Records drawn from a dataset:

++++++++++

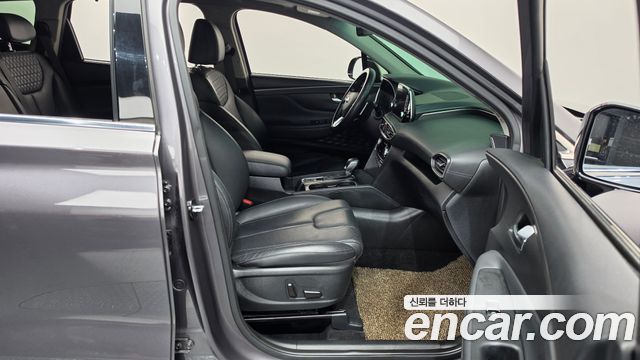 Hyundai Santafe 2019 — photo 11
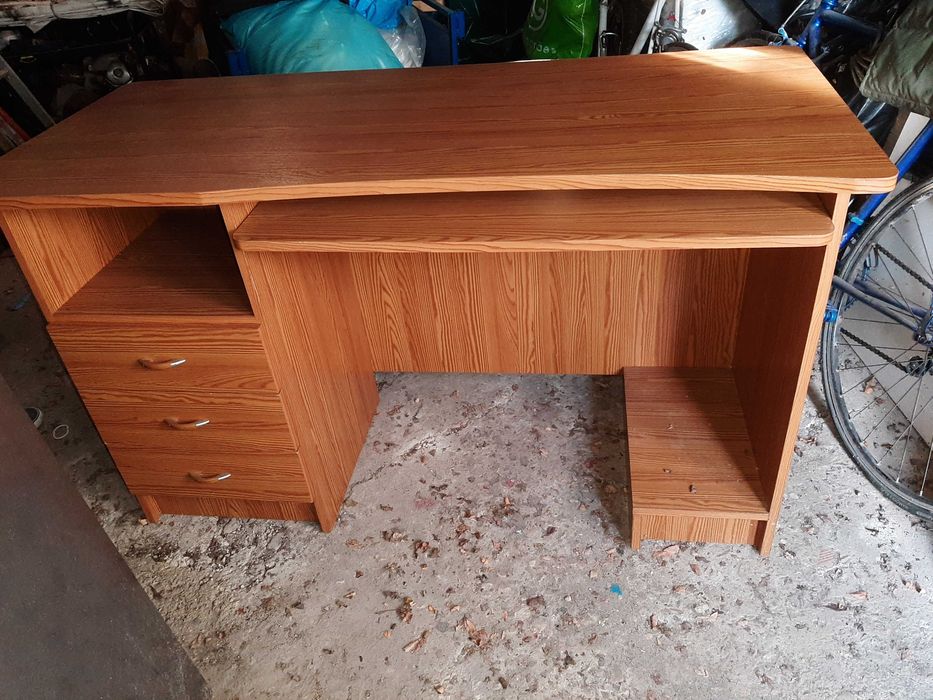 Secretaria de quarto ou escritorio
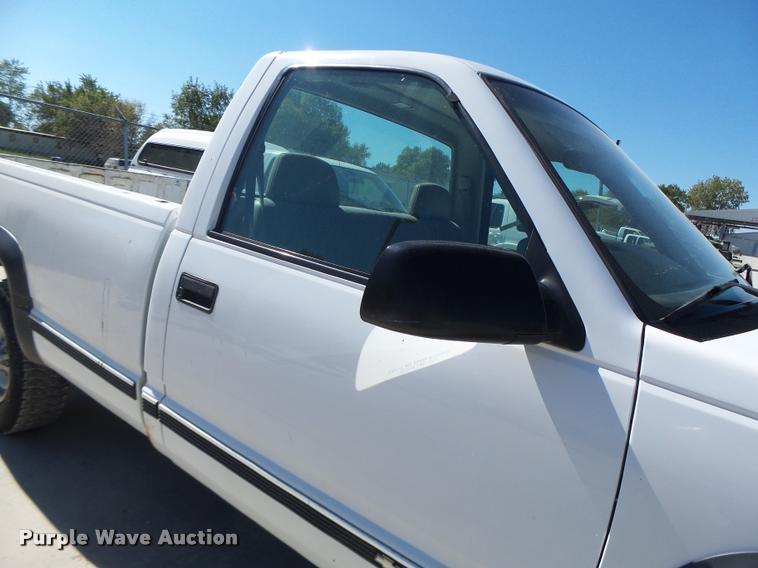 image for item CC9399 1999 Chevrolet 2500 pickup truck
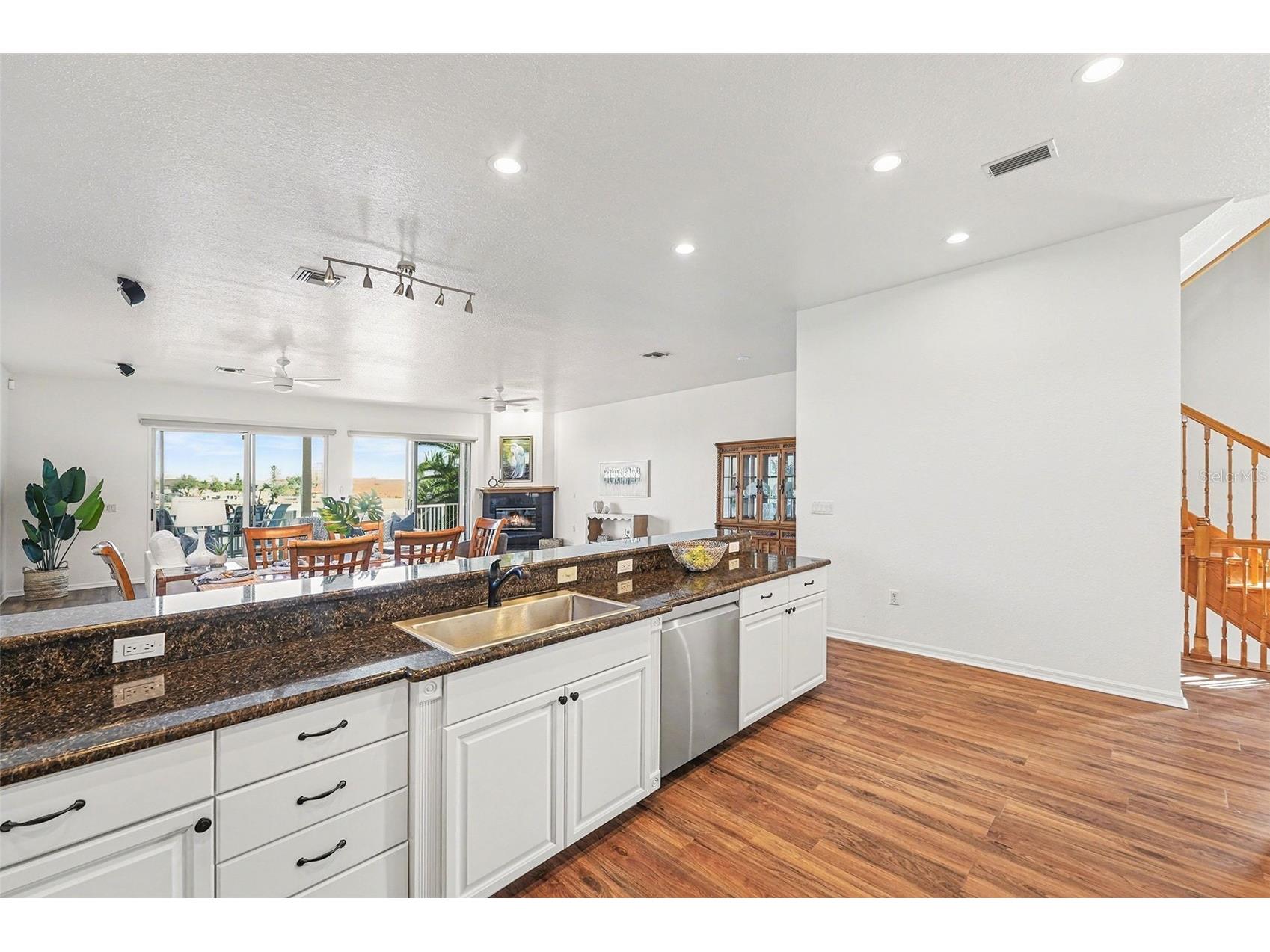 14215 N Bayshore Drive Madeira Beach FL 33708 - BOCA CIEGA BAY V4946801 image12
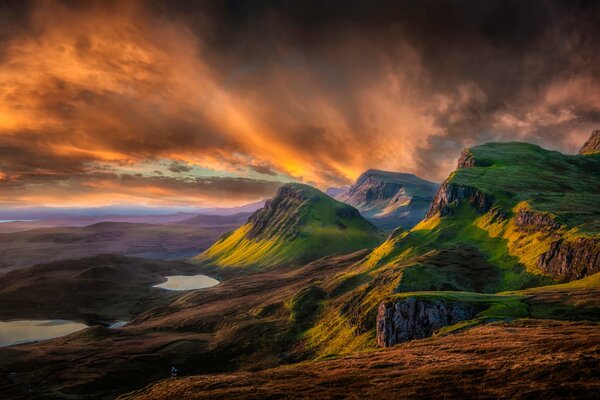 Magnificent view of the mountains and the sea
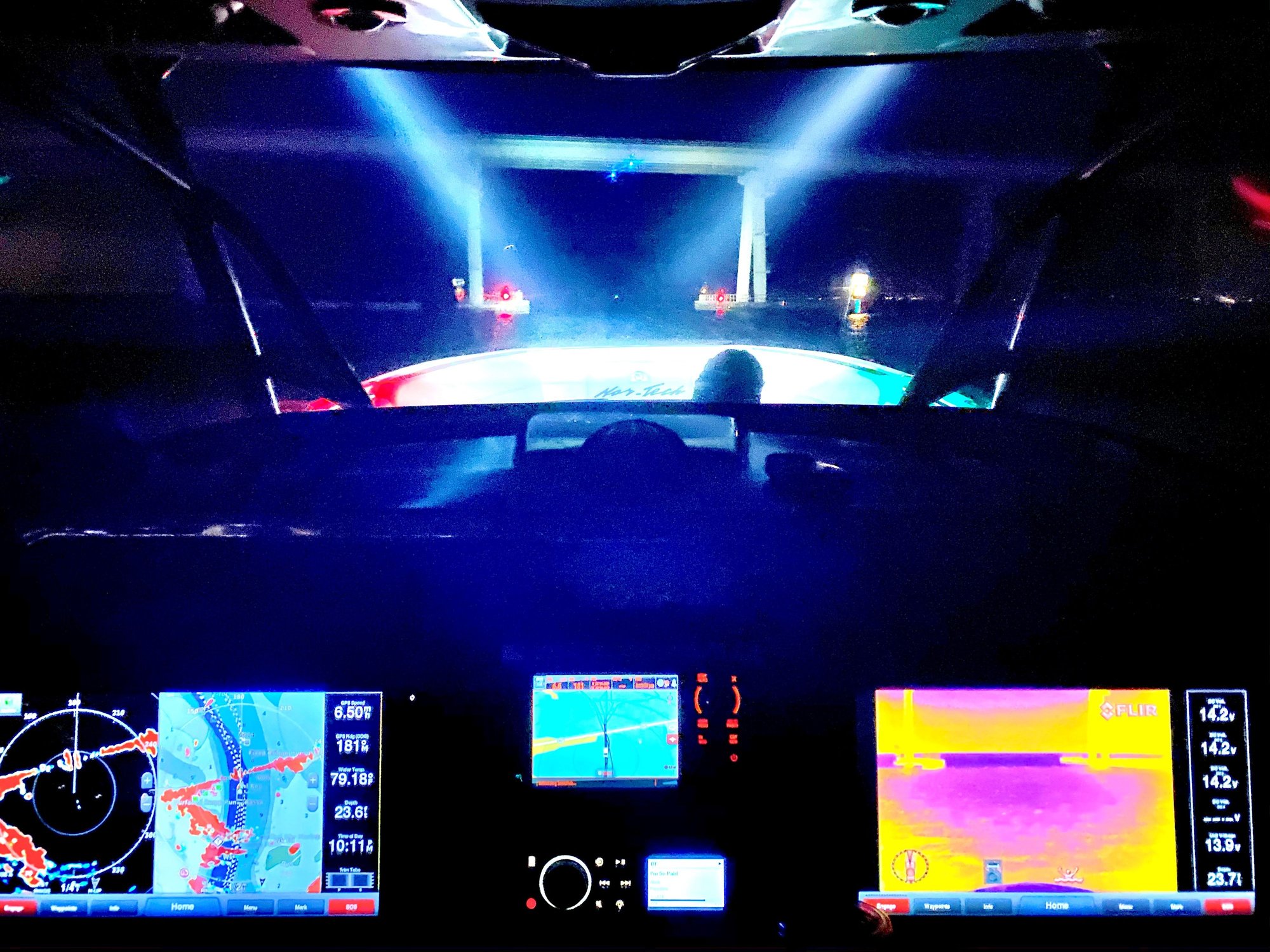 the best spot light Page 2 The Hull Truth Boating and Fishing Forum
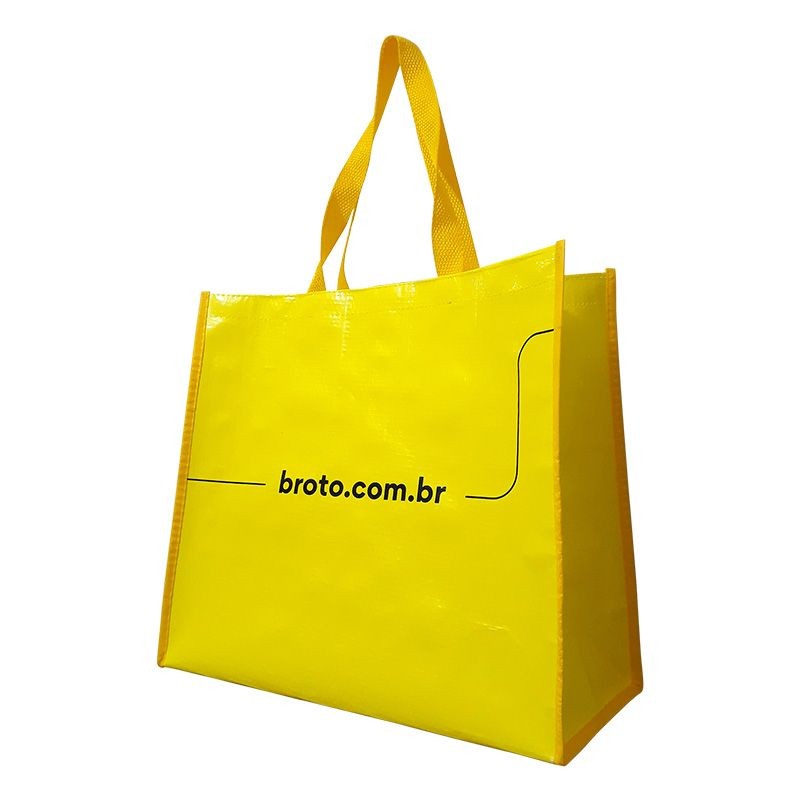 Sacolas de ráfia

++++++++++

• _Task statement_
Give the records above again verbatim, pictures omitted.

• _Answer to this problem_
 Hyundai Santafe 2019 — photo 11
 Secretaria de quarto ou escritorio
 image for item CC9399 1999 Chevrolet 2500 pickup truck
 14215 N Bayshore Drive Madeira Beach FL 33708 - BOCA CIEGA BAY V4946801 image12
 Magnificent view of the mountains and the sea
 the best spot light Page 2 The Hull Truth Boating and Fishing Forum
 Sacolas de ráfia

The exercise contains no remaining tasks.